Judge Martin Glenn of the U.S. Bankruptcy Court for the Southern District of New York has held that a Bermuda insurer must post a bond pursuant to N.Y. Ins. Law § 1213 after it filed a motion to compel arbitration.  MF Global Holdings Ltd. v. Allied World Assur. Co., Ltd., 2017 WL 2533353 (Bankr. S.D.N.Y. June 12, 2017).

A Bermuda-based insurer issued a policy to a New York-based insured.  The insurer delivered the policy to the insured’s Bermuda-based broker, which sent the policy to the insured at its New York address.  After a coverage dispute, the insured ultimately filed a complaint initiating coverage litigation against the insurer.  In response, the insurer filed a motion to compel arbitration in Bermuda pursuant to the alternative dispute resolution clause in its policy.  Thereafter, the insured filed a motion to compel compliance with N.Y. Ins. Law § 1213, which requires unauthorized foreign insurers to post a bond “sufficient to secure payment of any final judgment which may be rendered in [a] proceeding” prior to “filing any pleading in any proceeding.”  The insurer opposed the motion, arguing that its motion to compel arbitration was not a “pleading,” and that the policy was not “issued or delivered” in New York.  The insurer also argued that the New York Convention on the Recognition and Enforcement of Foreign Arbitral Awards (the “New York Convention”) preempted enforcement of the statute.

The court granted the insured’s motion to compel compliance with N.Y. Ins.

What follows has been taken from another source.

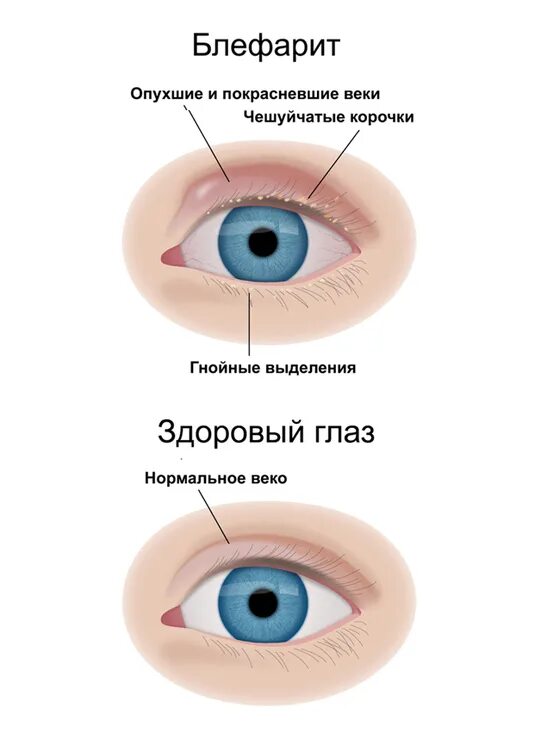 Признаки блефарита глаз фото Блефарит - диагностика и лечение в клинике Vizia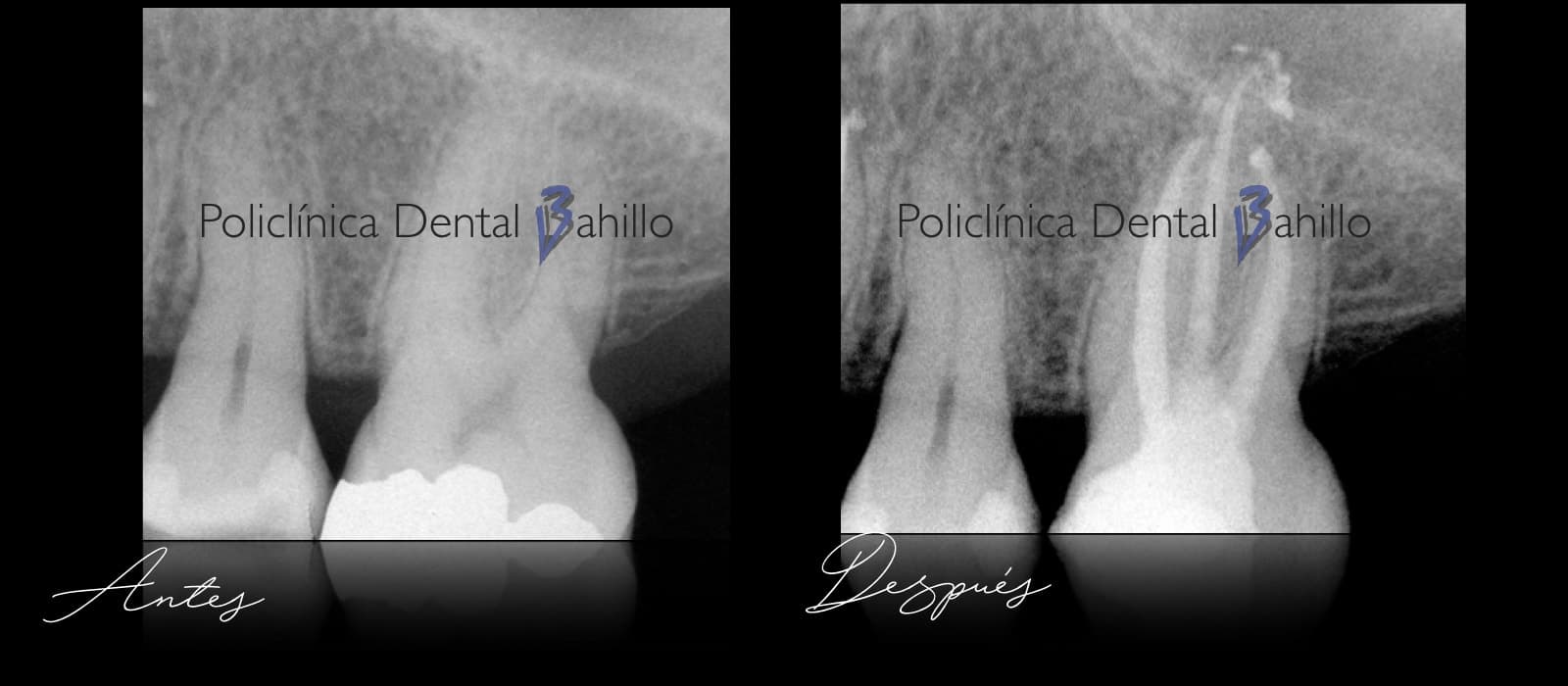 Endodoncia - Policlínica Dental Bahillo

Law § 1213, rejecting all of the insurer’s arguments.  First, the court noted that courts have interpreted the term “pleading” broadly as it appears in § 1213, including to encompass motions to compel arbitration.  Second, the court held that the policy was “issued” and “delivered” to the insured in New York, noting that the insurer “fully expected that the [policy] would ultimately be delivered to New York” when it sent the policy to the Bermuda-based broker.  Third, the court held that the New York Convention did not preempt enforcement of the statute, because the statute was not an “impediment” to arbitration.  Rather, the court viewed the bond provision as a “security device in aid of the arbitration.”  The court required the insurer to post a bond in the amount of the limit of liability of the policy.